■ **The records**:

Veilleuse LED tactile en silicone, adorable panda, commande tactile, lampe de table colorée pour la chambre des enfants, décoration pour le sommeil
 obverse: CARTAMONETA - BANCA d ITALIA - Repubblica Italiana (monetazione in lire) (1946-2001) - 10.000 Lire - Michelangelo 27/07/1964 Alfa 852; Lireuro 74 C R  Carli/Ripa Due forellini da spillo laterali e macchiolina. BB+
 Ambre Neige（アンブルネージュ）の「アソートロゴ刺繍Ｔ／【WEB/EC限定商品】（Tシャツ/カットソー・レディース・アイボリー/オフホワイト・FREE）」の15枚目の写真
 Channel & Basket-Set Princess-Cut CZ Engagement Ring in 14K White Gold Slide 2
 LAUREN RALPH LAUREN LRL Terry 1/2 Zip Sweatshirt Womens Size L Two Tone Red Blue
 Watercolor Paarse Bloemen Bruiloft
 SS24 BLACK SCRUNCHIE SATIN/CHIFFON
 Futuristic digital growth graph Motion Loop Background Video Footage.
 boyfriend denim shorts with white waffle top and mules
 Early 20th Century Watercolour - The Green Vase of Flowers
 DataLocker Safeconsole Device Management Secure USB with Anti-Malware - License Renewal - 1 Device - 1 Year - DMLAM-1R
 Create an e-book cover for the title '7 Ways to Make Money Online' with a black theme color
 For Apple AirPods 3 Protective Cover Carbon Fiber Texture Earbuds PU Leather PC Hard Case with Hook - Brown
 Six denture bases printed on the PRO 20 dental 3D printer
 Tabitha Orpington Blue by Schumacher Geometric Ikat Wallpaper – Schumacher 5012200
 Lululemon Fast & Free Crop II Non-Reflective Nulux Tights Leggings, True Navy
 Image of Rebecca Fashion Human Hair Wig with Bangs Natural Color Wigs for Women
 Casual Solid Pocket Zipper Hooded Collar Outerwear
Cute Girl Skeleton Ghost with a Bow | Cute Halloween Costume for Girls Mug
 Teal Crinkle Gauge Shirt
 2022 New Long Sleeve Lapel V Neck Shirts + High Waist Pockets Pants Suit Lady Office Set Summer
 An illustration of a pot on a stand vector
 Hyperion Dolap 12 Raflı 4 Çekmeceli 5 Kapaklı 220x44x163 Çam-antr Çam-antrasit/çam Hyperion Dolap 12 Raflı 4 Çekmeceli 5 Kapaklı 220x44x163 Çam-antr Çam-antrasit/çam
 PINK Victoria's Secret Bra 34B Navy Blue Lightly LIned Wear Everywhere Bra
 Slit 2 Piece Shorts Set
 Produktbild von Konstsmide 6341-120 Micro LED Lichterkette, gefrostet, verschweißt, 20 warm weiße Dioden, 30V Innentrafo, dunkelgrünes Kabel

■ **Task to carry out**: Count how many lines in the listing contain the string "Navy". Only that number should be given.

■ **Solution below**: 2